What the task asks:
Would you retype every entry that follows without altering a word?

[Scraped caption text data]
-- Opening Marker --
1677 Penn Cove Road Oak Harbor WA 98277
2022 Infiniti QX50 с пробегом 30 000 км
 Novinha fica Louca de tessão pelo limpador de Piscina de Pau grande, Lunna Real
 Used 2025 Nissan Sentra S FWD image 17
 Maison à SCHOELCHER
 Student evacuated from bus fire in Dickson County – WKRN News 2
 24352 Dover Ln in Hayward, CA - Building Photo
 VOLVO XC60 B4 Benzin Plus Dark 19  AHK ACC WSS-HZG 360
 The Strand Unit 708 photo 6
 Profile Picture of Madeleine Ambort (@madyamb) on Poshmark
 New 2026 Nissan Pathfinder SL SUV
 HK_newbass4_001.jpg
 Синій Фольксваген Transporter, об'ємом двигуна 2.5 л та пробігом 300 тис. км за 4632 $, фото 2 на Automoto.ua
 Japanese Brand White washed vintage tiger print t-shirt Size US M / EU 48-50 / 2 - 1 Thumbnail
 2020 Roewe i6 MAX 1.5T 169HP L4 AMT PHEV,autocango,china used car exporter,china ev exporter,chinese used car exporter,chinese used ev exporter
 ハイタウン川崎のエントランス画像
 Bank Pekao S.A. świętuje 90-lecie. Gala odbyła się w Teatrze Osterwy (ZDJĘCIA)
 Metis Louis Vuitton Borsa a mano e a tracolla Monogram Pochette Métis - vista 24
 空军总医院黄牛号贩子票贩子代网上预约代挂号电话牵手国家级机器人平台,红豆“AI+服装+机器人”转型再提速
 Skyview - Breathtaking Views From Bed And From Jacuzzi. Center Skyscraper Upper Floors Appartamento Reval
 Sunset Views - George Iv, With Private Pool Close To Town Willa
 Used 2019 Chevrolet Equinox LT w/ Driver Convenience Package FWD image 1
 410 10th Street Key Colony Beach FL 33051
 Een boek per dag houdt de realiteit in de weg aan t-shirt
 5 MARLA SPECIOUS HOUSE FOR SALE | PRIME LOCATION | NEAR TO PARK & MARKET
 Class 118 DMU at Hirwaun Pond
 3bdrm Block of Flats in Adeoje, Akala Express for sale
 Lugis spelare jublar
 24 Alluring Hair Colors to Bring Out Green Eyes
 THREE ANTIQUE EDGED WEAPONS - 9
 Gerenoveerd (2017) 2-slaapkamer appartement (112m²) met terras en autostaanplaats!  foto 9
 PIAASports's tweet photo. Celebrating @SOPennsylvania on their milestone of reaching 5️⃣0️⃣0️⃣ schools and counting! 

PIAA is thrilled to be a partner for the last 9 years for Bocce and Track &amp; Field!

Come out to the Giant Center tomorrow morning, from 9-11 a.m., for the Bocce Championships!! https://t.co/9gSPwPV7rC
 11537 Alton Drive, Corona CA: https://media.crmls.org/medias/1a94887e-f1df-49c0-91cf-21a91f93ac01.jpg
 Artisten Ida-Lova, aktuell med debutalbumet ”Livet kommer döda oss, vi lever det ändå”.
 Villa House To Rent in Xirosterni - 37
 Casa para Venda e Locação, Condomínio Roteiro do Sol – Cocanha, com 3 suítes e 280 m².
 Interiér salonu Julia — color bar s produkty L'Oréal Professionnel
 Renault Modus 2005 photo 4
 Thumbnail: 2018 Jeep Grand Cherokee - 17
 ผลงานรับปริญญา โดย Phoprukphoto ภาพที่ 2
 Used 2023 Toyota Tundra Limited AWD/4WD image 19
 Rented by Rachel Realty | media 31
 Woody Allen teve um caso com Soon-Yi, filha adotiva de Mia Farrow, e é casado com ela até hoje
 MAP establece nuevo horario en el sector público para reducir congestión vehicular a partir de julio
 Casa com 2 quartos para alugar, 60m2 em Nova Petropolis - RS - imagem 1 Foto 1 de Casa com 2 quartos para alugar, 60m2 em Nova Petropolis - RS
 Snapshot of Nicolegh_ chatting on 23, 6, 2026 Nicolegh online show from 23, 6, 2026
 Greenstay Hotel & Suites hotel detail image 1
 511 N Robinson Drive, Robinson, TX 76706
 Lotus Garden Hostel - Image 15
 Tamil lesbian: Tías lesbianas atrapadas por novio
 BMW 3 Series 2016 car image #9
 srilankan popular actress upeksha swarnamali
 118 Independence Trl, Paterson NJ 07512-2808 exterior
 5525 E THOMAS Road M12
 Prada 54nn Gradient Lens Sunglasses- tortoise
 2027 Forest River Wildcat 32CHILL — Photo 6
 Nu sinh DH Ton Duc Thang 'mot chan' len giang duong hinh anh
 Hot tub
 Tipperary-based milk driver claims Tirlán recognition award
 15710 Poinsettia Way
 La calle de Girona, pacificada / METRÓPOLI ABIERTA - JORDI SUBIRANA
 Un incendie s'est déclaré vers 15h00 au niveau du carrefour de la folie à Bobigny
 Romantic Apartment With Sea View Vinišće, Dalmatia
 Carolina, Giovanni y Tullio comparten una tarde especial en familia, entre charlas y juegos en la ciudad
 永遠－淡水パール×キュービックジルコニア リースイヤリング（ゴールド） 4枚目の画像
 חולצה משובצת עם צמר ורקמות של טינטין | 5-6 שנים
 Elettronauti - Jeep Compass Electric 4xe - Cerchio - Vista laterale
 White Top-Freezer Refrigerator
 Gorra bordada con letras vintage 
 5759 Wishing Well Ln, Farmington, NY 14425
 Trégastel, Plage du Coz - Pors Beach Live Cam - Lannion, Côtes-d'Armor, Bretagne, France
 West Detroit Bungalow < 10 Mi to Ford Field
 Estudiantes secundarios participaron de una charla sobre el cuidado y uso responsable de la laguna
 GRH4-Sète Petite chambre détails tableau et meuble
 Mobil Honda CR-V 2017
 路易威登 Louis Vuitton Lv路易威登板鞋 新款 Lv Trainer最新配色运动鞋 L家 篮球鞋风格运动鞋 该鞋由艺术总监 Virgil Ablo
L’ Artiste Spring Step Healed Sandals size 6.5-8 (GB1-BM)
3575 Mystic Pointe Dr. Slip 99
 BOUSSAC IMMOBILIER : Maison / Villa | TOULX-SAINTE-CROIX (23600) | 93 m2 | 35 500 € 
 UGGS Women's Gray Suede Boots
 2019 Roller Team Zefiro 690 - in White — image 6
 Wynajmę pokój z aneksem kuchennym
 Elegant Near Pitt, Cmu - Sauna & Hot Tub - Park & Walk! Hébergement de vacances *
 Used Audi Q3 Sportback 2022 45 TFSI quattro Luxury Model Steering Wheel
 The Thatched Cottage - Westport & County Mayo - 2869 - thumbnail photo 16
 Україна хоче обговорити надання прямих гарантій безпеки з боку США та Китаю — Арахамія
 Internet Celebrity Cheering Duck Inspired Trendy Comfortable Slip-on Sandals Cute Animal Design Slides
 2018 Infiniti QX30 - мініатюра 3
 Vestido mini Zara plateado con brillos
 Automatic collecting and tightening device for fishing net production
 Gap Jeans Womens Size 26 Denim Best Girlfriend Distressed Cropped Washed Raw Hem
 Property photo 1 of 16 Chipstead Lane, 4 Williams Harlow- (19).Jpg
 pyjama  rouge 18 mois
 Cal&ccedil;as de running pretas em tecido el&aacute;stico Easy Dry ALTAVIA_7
-- Closing Marker --
Response:
1677 Penn Cove Road Oak Harbor WA 98277
2022 Infiniti QX50 с пробегом 30 000 км
 Novinha fica Louca de tessão pelo limpador de Piscina de Pau grande, Lunna Real
 Used 2025 Nissan Sentra S FWD image 17
 Maison à SCHOELCHER
 Student evacuated from bus fire in Dickson County – WKRN News 2
 24352 Dover Ln in Hayward, CA - Building Photo
 VOLVO XC60 B4 Benzin Plus Dark 19  AHK ACC WSS-HZG 360
 The Strand Unit 708 photo 6
 Profile Picture of Madeleine Ambort (@madyamb) on Poshmark
 New 2026 Nissan Pathfinder SL SUV
 HK_newbass4_001.jpg
 Синій Фольксваген Transporter, об'ємом двигуна 2.5 л та пробігом 300 тис. км за 4632 $, фото 2 на Automoto.ua
 Japanese Brand White washed vintage tiger print t-shirt Size US M / EU 48-50 / 2 - 1 Thumbnail
 2020 Roewe i6 MAX 1.5T 169HP L4 AMT PHEV,autocango,china used car exporter,china ev exporter,chinese used car exporter,chinese used ev exporter
 ハイタウン川崎のエントランス画像
 Bank Pekao S.A. świętuje 90-lecie. Gala odbyła się w Teatrze Osterwy (ZDJĘCIA)
 Metis Louis Vuitton Borsa a mano e a tracolla Monogram Pochette Métis - vista 24
 空军总医院黄牛号贩子票贩子代网上预约代挂号电话牵手国家级机器人平台,红豆“AI+服装+机器人”转型再提速
 Skyview - Breathtaking Views From Bed And From Jacuzzi. Center Skyscraper Upper Floors Appartamento Reval
 Sunset Views - George Iv, With Private Pool Close To Town Willa
 Used 2019 Chevrolet Equinox LT w/ Driver Convenience Package FWD image 1
 410 10th Street Key Colony Beach FL 33051
 Een boek per dag houdt de realiteit in de weg aan t-shirt
 5 MARLA SPECIOUS HOUSE FOR SALE | PRIME LOCATION | NEAR TO PARK & MARKET
 Class 118 DMU at Hirwaun Pond
 3bdrm Block of Flats in Adeoje, Akala Express for sale
 Lugis spelare jublar
 24 Alluring Hair Colors to Bring Out Green Eyes
 THREE ANTIQUE EDGED WEAPONS - 9
 Gerenoveerd (2017) 2-slaapkamer appartement (112m²) met terras en autostaanplaats!  foto 9
 PIAASports's tweet photo. Celebrating @SOPennsylvania on their milestone of reaching 5️⃣0️⃣0️⃣ schools and counting! 

PIAA is thrilled to be a partner for the last 9 years for Bocce and Track &amp; Field!

Come out to the Giant Center tomorrow morning, from 9-11 a.m., for the Bocce Championships!! https://t.co/9gSPwPV7rC
 11537 Alton Drive, Corona CA: https://media.crmls.org/medias/1a94887e-f1df-49c0-91cf-21a91f93ac01.jpg
 Artisten Ida-Lova, aktuell med debutalbumet ”Livet kommer döda oss, vi lever det ändå”.
 Villa House To Rent in Xirosterni - 37
 Casa para Venda e Locação, Condomínio Roteiro do Sol – Cocanha, com 3 suítes e 280 m².
 Interiér salonu Julia — color bar s produkty L'Oréal Professionnel
 Renault Modus 2005 photo 4
 Thumbnail: 2018 Jeep Grand Cherokee - 17
 ผลงานรับปริญญา โดย Phoprukphoto ภาพที่ 2
 Used 2023 Toyota Tundra Limited AWD/4WD image 19
 Rented by Rachel Realty | media 31
 Woody Allen teve um caso com Soon-Yi, filha adotiva de Mia Farrow, e é casado com ela até hoje
 MAP establece nuevo horario en el sector público para reducir congestión vehicular a partir de julio
 Casa com 2 quartos para alugar, 60m2 em Nova Petropolis - RS - imagem 1 Foto 1 de Casa com 2 quartos para alugar, 60m2 em Nova Petropolis - RS
 Snapshot of Nicolegh_ chatting on 23, 6, 2026 Nicolegh online show from 23, 6, 2026
 Greenstay Hotel & Suites hotel detail image 1
 511 N Robinson Drive, Robinson, TX 76706
 Lotus Garden Hostel - Image 15
 Tamil lesbian: Tías lesbianas atrapadas por novio
 BMW 3 Series 2016 car image #9
 srilankan popular actress upeksha swarnamali
 118 Independence Trl, Paterson NJ 07512-2808 exterior
 5525 E THOMAS Road M12
 Prada 54nn Gradient Lens Sunglasses- tortoise
 2027 Forest River Wildcat 32CHILL — Photo 6
 Nu sinh DH Ton Duc Thang 'mot chan' len giang duong hinh anh
 Hot tub
 Tipperary-based milk driver claims Tirlán recognition award
 15710 Poinsettia Way
 La calle de Girona, pacificada / METRÓPOLI ABIERTA - JORDI SUBIRANA
 Un incendie s'est déclaré vers 15h00 au niveau du carrefour de la folie à Bobigny
 Romantic Apartment With Sea View Vinišće, Dalmatia
 Carolina, Giovanni y Tullio comparten una tarde especial en familia, entre charlas y juegos en la ciudad
 永遠－淡水パール×キュービックジルコニア リースイヤリング（ゴールド） 4枚目の画像
 חולצה משובצת עם צמר ורקמות של טינטין | 5-6 שנים
 Elettronauti - Jeep Compass Electric 4xe - Cerchio - Vista laterale
 White Top-Freezer Refrigerator
 Gorra bordada con letras vintage 
 5759 Wishing Well Ln, Farmington, NY 14425
 Trégastel, Plage du Coz - Pors Beach Live Cam - Lannion, Côtes-d'Armor, Bretagne, France
 West Detroit Bungalow < 10 Mi to Ford Field
 Estudiantes secundarios participaron de una charla sobre el cuidado y uso responsable de la laguna
 GRH4-Sète Petite chambre détails tableau et meuble
 Mobil Honda CR-V 2017
 路易威登 Louis Vuitton Lv路易威登板鞋 新款 Lv Trainer最新配色运动鞋 L家 篮球鞋风格运动鞋 该鞋由艺术总监 Virgil Ablo
L’ Artiste Spring Step Healed Sandals size 6.5-8 (GB1-BM)
3575 Mystic Pointe Dr. Slip 99
 BOUSSAC IMMOBILIER : Maison / Villa | TOULX-SAINTE-CROIX (23600) | 93 m2 | 35 500 € 
 UGGS Women's Gray Suede Boots
 2019 Roller Team Zefiro 690 - in White — image 6
 Wynajmę pokój z aneksem kuchennym
 Elegant Near Pitt, Cmu - Sauna & Hot Tub - Park & Walk! Hébergement de vacances *
 Used Audi Q3 Sportback 2022 45 TFSI quattro Luxury Model Steering Wheel
 The Thatched Cottage - Westport & County Mayo - 2869 - thumbnail photo 16
 Україна хоче обговорити надання прямих гарантій безпеки з боку США та Китаю — Арахамія
 Internet Celebrity Cheering Duck Inspired Trendy Comfortable Slip-on Sandals Cute Animal Design Slides
 2018 Infiniti QX30 - мініатюра 3
 Vestido mini Zara plateado con brillos
 Automatic collecting and tightening device for fishing net production
 Gap Jeans Womens Size 26 Denim Best Girlfriend Distressed Cropped Washed Raw Hem
 Property photo 1 of 16 Chipstead Lane, 4 Williams Harlow- (19).Jpg
 pyjama  rouge 18 mois
 Cal&ccedil;as de running pretas em tecido el&aacute;stico Easy Dry ALTAVIA_7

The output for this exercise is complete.